On October 20, 2016, we were notified of an event of default on the senior debt associated with two tanker vessels currently on charter to an affiliate of Foreguard Shipping as a result of a change of control of the bareboat charter guarantor, an affiliate of Foreguard Shipping. The lender has reserved, but not exercised, its rights under the loan agreement. As a result of such default, we classified the entire outstanding balance of the debt of $16,815,000 and $18,465,000 to current liabilities as of September 30, 2017 and December 31, 2016, respectively.

On July 21, 2017, a portion of the proceeds from the prepayment made by Blackhawk was used to satisfy our remaining non-recourse long-term debt obligations to People’s Capital of $1,204,661.
 
At September 30, 2017, we were in compliance with all covenants related to our non-recourse long-term debt, except as disclosed above.
  
Distributions
We, at our Managing Trustee’s discretion, paid monthly distributions to each of our beneficial owners beginning with the first month after each such beneficial owner’s admission to the LLC through the end of our operating period, which was April 30, 2014. Distributions paid during our liquidation period will vary, depending on the timing of the sale of our assets and/or the maturity of our investments, and our receipt of rental, finance and other income from our investments. We paid distributions of $50,507, $5,000,220 and $4,181,621 to our Managing Trustee, additional beneficial owners and noncontrolling interests, respectively, during the 2017 Period.

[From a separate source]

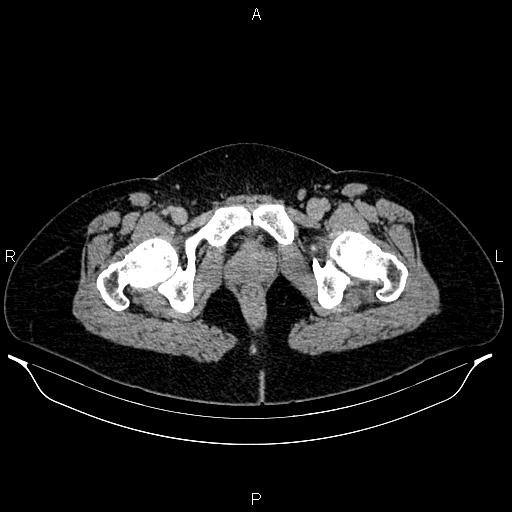 File:Carcinoma of uterine cervix (Radiopaedia 85861-101700 Axial C+ delayed 91).jpg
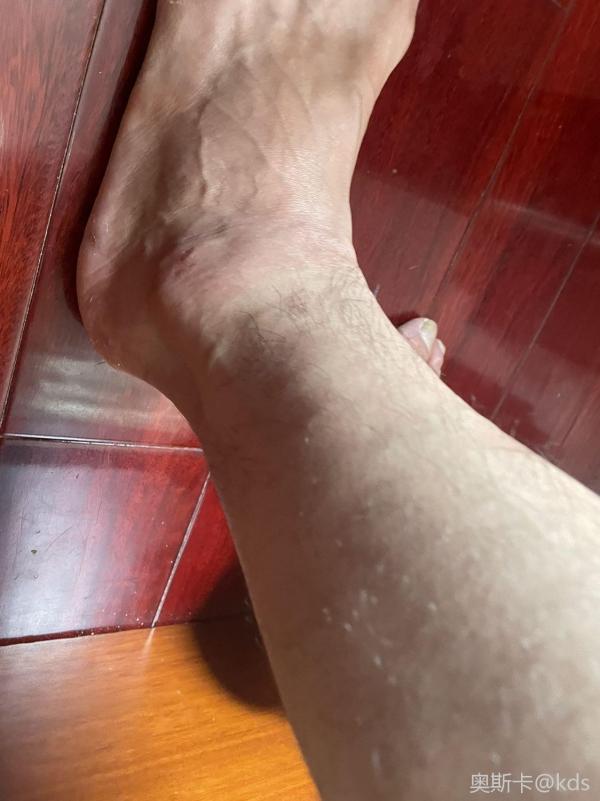 脚踝肿了半年了中医能看好么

Commitments and Contingencies and Off-Balance Sheet Transactions
Commitments and Contingencies
At the time we acquire or divest of our interest in an equipment lease or other financing transaction, we may, under very limited circumstances, agree to indemnify the seller or buyer for specific contingent liabilities.  Our Managing Trustee believes that any liability of ours that may arise as a result of any such indemnification obligation may or may not have a material adverse effect on our consolidated financial condition or results of operations taken as a whole. In addition, at times we may seek to enforce our rights under a personal guaranty in order to collect amounts from the guarantor that are owed to us by a defaulting borrower or lessee. Gain contingencies may arise from enforcement of such guaranty, but are not recognized until realizable. We are currently seeking to recover a judgment issued in our favor against a guarantor covering amounts owed to us related to a lease with MWU.
 
In connection with certain debt obligations, we are required to maintain restricted cash accounts with certain banks. At September 30, 2017, we had restricted cash of $3,342,613.

Off-Balance Sheet Transactions
None.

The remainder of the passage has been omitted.